La mamá y la puta (1973, de Jean Eustache) imagina un menage à trois que simboliza una tensión, para el personaje gigoló y wannabe, entre lo sexual y lo maternal: Wanda es la encargada de poner en escena ese mismo antagonismo, que abarca categorías mediáticas como la «vedetonga» y la «madraza», en alternancia que es garantía de popularidad. Ahí está Wanda, nueva ídola de masas que traduce al argentino a través de sus proyecciones: cada tanto, Mariana Nannis, Ricky Fort y Wanda, aretes de oro y cartera Louis Vuitton; intervenida en cuerpo y filtro de Instagram con la disponibilidad de recursos de una celebrity global; hasta que habla y aparece el tono de graznido característico, y pasa a ser tan de otro mundo como del más próximo de nuestros entornos.«De pequeña quiso sobresalir sin importar el precio, rasgo que le trajo más de un dolor de cabeza a sus padres». Ese origen «oscuro» (La Nación, noviembre de 2021) remite a una sola imagen: así funcionan los mitos, condensando un desarrollo múltiple y metastásico donde antes solo existió una foto (Wanda con el slip de Diego), y mil mohínes que desmentían y certificaban al mismo tiempo. Ella, en el comienzo, también fue víctima del manoseo mediático.
«Te rascaste el culo con el calzoncillo puesto del tipo», le espetó Polino en Intrusos. Era el 2006 y nacía un objeto para el verdugueo, y ella misma se acoplaba: «Las chicas de 18 no tenemos sexo, me parece», haciendo pucherito; y Paparazzi la llevaba por primera vez a su portada al otro día. «Virgencita mía»: era ella, Wanda; «todavía soy virgen; él no me tocó», dijo aquel verano en el que Mirtha Legrand la invitaría a almorzar, y ella entraría oficialmente a las vidrieras de vanidades.
«No se le conoce un éxito», la descalifica hoy la panelista en algún programa. Con Wanda, la TV dice basta y se desarma. Desprofesionalizar es, también, asumir una decadencia del campo: es abrirle la puerta a Wanda, una suma de risas tentadas y equívocos, de incorrecciones y fallidos, y ahora también de lágrimas que solo dan prueba de su genuina humanidad más allá del origen advenedizo. Preguntas obvias e indicaciones básicas, porque ella rinde por otro lado.
Su punto de pasaje se dio aquel día de la gala inaugural de Gran Hermano, en el que acompañó a los jugadores hasta la casa: les dio la mano e hizo algunas preguntas con una mirada vidriosa y fija a los ojos del otro. Sabe hablar de uno a uno; se mueve más cómoda en ese histriónico humanismo que en la conducción clásica a público amplio. Su reino es el de las emociones, donde cotiza mejor el contacto físico o la verosimilitud de un gesto que lo que se pueda llegar a esgrimir verbalmente, esa potestad de la razón que regula a tantísimos espacios y personajes, pero no a Wanda.

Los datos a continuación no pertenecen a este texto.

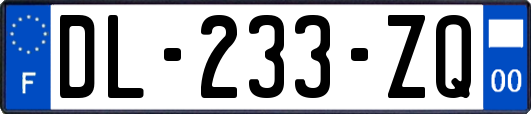 DL-233-ZQ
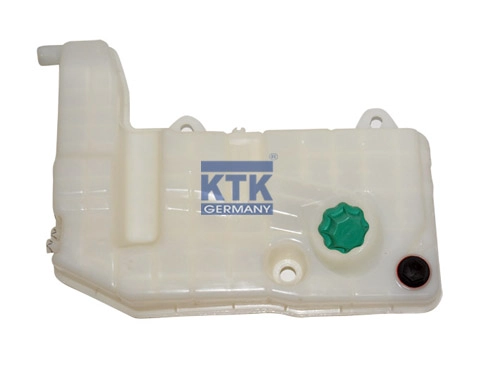 Expansion Tank, coolant (22584)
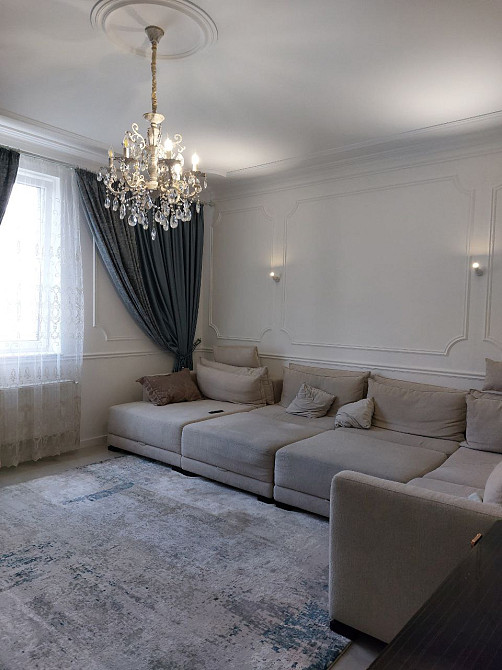 Продам  дом в ближнем пригороде Одессы Ліски (Комінтернівський район) - фото 12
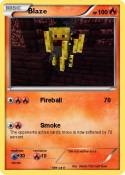 Blaze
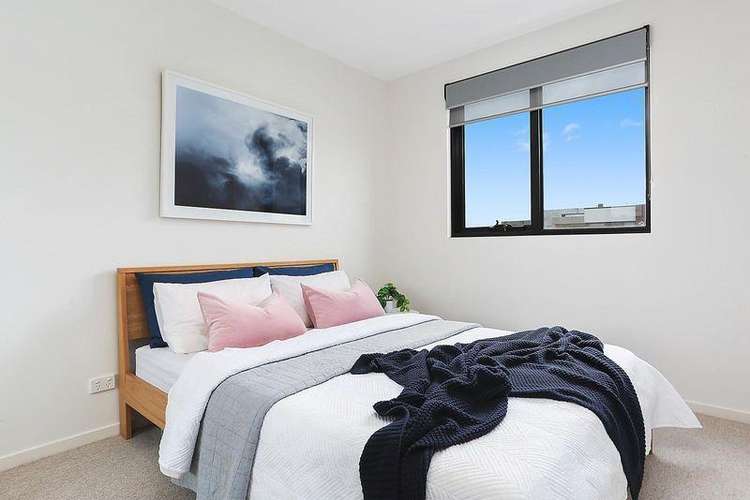 Sixth view of Homely apartment listing, 218/138 Glen Eira Road, Elsternwick VIC 3185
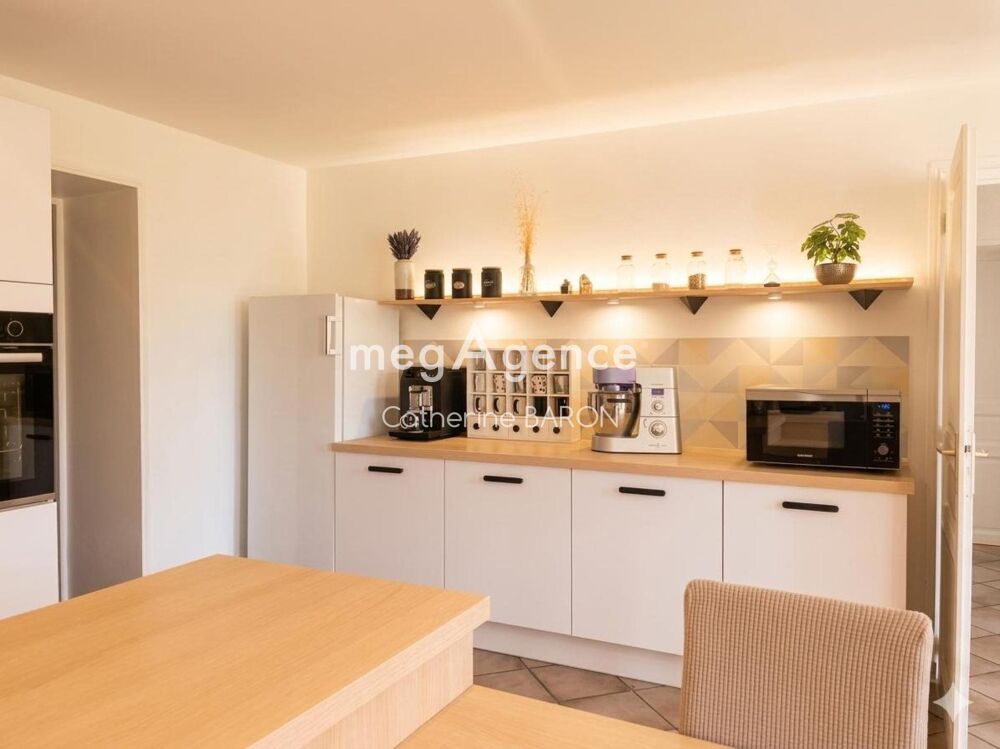 Longère - 5 chambres - Jardin 3600m2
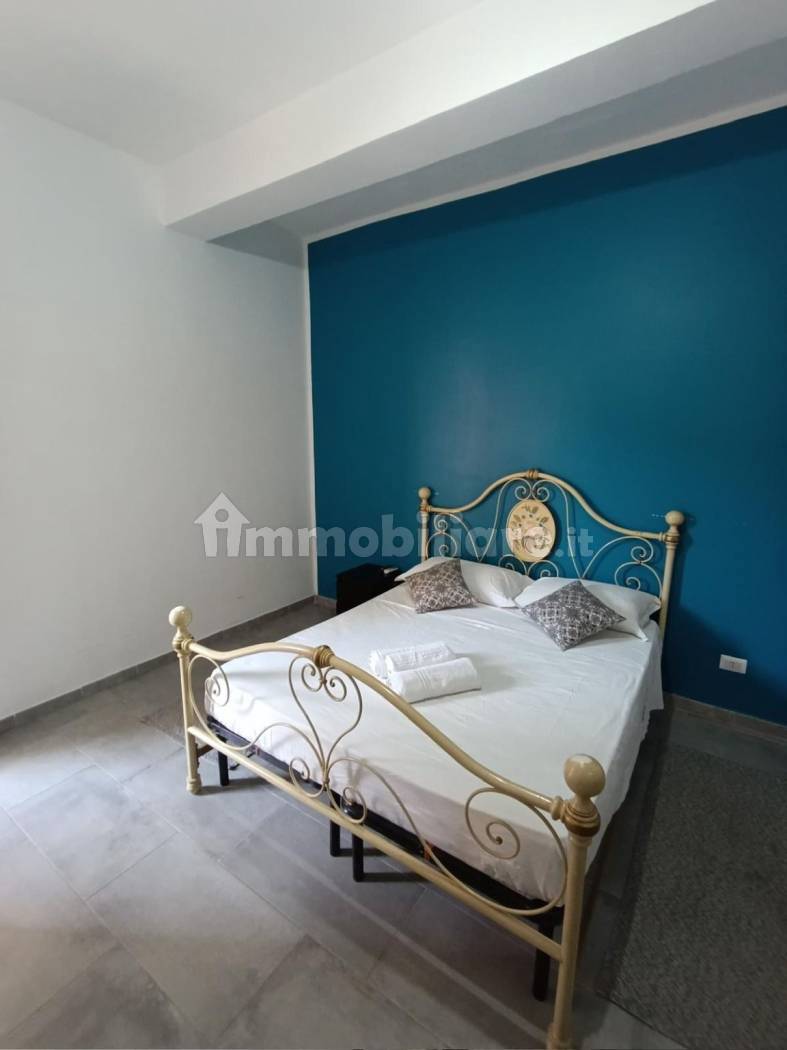 Appartamento in vendita a Catania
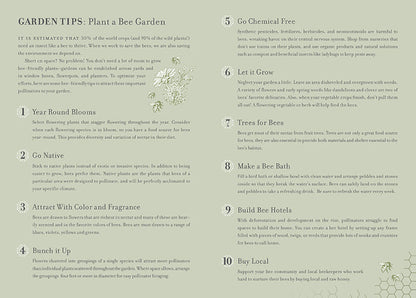 The Pollinator Journal
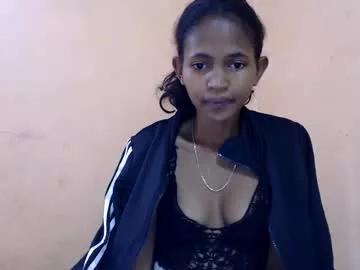 amandaerotic from Chaturbate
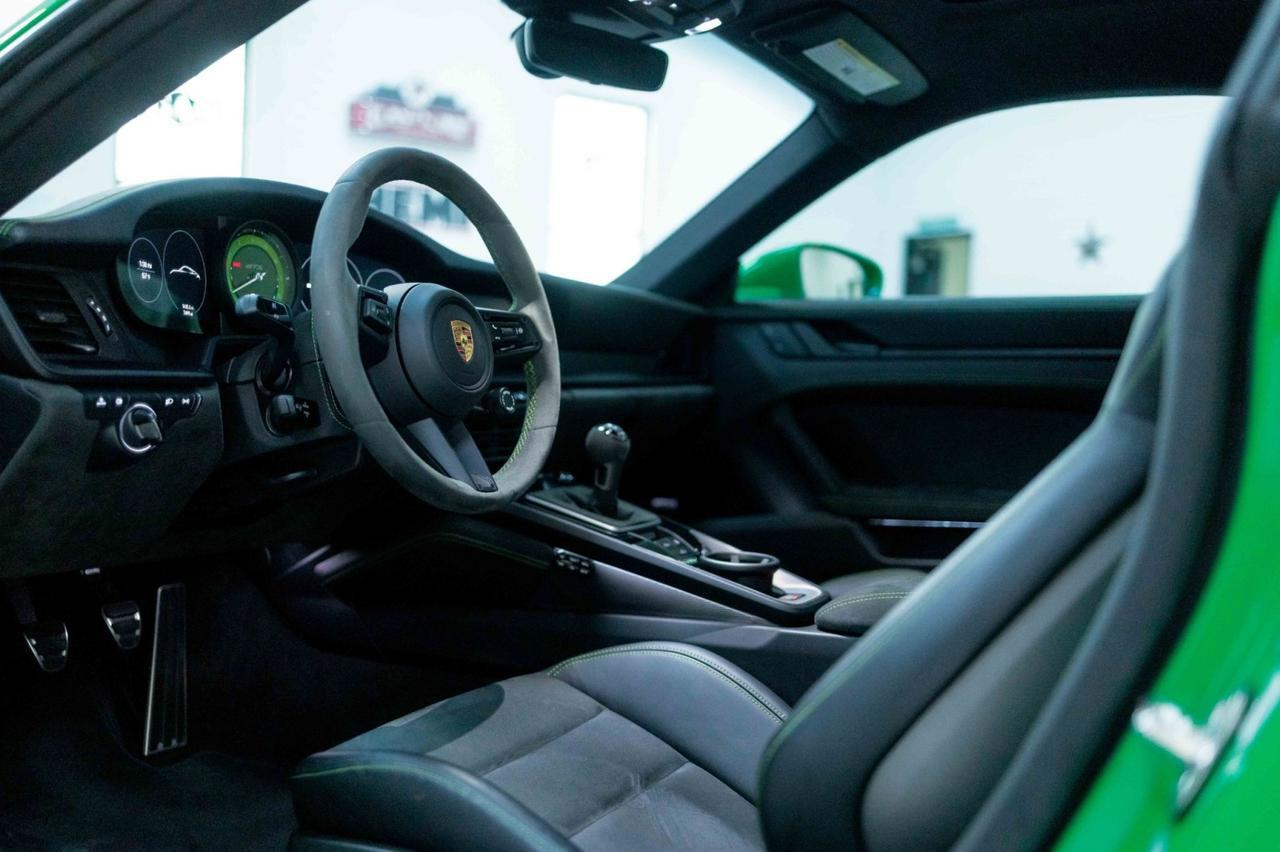 2023 Porsche 911 Carrera GTS Marietta GA 2023 Porsche 911 Carrera GTS Marietta GA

Qué lejos nos quedaron esos paraísos naturales que ella frecuenta con Mauro, futbolista, un ascendido social: ellos dos y sus cinco hijos, nuestros testigos, los que nos dicen en qué anda el mundo por encima de las cinco cifras en dólares. Ahí están ellos en sus redes con su melodrama vodevilesco, para contarnos lo fácil que es armar y desarmar parejas, y repartirse los bienes y los niños; y viajar, volver, e irse de nuevo; porque tienen mucho dinero para ostentar y, en tierra de miseria, eso es un escapismo fantástico. Solo queda soñar con estar en esa playa de Tailandia, con esa ropa, ese hedonismo permanente aplicado a la vida cotidiana que ocupa cómodamente el territorio de nuestros sueños.